否、手遅れだった。今までは何日かに1回だったのが、1日1回現れるようになっていた。営業妨害で警察に通報してやろうとバージルは何度思ったことか。
彼女達から離れるには、この自宅兼店舗を別の場所へ移すのが手っ取り早いが、ここら一帯の静けさは彼にとって心地良く、離れてしまうのは勿体ない。それに、自分から移転するのは彼女達に負けた感があって癪に障る。
カズマ曰く「あの屋敷の評判が上がって購入者が出れば、自分達は出て行かざるを得なくなる」とのことだが、彼等もあの屋敷を手放すのは惜しいだろう。評判が上がらないように工夫する可能性もある。
「(……俺が屋敷を買うか、潰すか……)」
と、彼が独り物騒なことを考えていた時――正面の扉からノックの音が聞こえた。
いつも来るダクネスだったらノックも無しに入ってくるのだが、作戦を変えてきた可能性もある。バージルは、開けたらすぐに扉を閉められるよう心構えをしておきながら、読みかけの本を閉じて机に置き、扉に近付いてドアノブを引いた。
「こんにちは、バージルさん」
「……クリスか」
「エリスでいいですよ。周りに誰もいませんし」
現れたのは、協力者のクリス――もとい、その姿に扮している女神エリスだった。
ダクネスではなかったことに少し安堵しながらも、バージルはエリスを室内に入れる。
「神器回収か。今度はどの辺りだ?」
彼女がここに来る理由は、いつも神器回収の手伝いを頼みにくるためだ。今回も例に漏れずそうなのだろう。
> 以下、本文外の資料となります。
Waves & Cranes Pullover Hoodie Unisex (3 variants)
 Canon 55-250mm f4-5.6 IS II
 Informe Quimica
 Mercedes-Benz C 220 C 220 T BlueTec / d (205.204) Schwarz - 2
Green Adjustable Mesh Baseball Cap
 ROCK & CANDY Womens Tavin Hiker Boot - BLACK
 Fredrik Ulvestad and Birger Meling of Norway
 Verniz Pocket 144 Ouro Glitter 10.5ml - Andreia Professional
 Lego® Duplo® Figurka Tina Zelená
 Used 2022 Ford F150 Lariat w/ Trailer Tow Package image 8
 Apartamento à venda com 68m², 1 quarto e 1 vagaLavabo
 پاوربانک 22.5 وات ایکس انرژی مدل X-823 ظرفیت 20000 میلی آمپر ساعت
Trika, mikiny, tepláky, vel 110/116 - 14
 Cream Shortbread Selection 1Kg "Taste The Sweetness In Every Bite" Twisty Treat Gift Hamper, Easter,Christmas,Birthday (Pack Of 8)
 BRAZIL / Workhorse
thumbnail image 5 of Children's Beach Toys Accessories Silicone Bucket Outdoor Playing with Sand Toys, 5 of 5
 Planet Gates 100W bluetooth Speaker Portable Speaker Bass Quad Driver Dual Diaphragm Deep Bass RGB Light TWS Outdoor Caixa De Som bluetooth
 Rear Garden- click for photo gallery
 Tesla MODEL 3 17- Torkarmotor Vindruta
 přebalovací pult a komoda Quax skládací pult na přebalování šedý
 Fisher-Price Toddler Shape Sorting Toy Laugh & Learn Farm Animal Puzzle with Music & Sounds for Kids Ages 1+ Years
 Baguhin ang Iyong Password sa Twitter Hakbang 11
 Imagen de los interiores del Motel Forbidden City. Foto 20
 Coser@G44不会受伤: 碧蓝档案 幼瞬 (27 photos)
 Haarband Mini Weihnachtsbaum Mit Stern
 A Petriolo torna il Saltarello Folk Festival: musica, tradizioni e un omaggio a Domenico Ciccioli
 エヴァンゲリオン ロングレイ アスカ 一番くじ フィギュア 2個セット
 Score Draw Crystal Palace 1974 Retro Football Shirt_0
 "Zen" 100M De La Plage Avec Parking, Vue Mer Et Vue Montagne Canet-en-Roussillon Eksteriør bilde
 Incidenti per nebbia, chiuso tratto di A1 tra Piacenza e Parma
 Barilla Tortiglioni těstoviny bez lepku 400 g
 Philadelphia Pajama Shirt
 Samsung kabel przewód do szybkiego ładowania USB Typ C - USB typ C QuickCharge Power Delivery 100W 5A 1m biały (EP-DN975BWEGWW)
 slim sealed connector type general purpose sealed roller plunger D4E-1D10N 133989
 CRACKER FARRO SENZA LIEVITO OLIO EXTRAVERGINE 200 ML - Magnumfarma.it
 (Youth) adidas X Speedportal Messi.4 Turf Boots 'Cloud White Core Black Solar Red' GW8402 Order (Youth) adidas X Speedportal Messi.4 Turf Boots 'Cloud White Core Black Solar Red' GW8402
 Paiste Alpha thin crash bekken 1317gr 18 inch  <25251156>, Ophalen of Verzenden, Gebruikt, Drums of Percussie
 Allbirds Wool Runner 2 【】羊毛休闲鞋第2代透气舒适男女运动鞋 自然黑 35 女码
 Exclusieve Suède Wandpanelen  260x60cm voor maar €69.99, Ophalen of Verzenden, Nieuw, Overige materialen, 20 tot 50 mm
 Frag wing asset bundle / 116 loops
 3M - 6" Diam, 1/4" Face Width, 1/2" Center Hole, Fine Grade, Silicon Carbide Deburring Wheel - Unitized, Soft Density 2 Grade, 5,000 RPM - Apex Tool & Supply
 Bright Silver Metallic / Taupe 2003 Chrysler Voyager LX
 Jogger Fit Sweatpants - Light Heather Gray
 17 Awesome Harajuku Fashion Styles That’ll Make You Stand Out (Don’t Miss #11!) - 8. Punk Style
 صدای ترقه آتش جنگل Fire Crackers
現在受けている依頼はなく、予定が空いていることを確認したバージルは、彼女に神器回収の目的地を尋ねる。
が、それを聞いたエリスは首を横に振った。
「いえ、今日はそのつもりで来たわけではなくって……たまには、私がバージルさんの仕事を手伝ってみようかなーと思いまして」
「……?」
エリスが今回ここへ来た目的を聞いたバージルは、不思議そうに彼女を見つめる。
「……貴様に手伝ってもらうほど、依頼は溜まっていない。それに、手伝ってくれと頼んだ覚えはないが?」
「はい。だからこれは、私のお節介です」
バージルは少し睨みを効かせつつ言葉を返すが、既にバージルのにらみつけるに慣れていたエリスはそう答える。その口ぶりから、回れ右して帰るつもりはないらしい。
「……勝手にしろ」
なら拒むだけ無駄だと悟ったバージルは、そう吐き捨てながら椅子に座った。
どういう風の吹き回しか知らないが、彼女はアクアやダクネス達とは違い、自ら問題を引き起こすことはない。なら大丈夫だろう。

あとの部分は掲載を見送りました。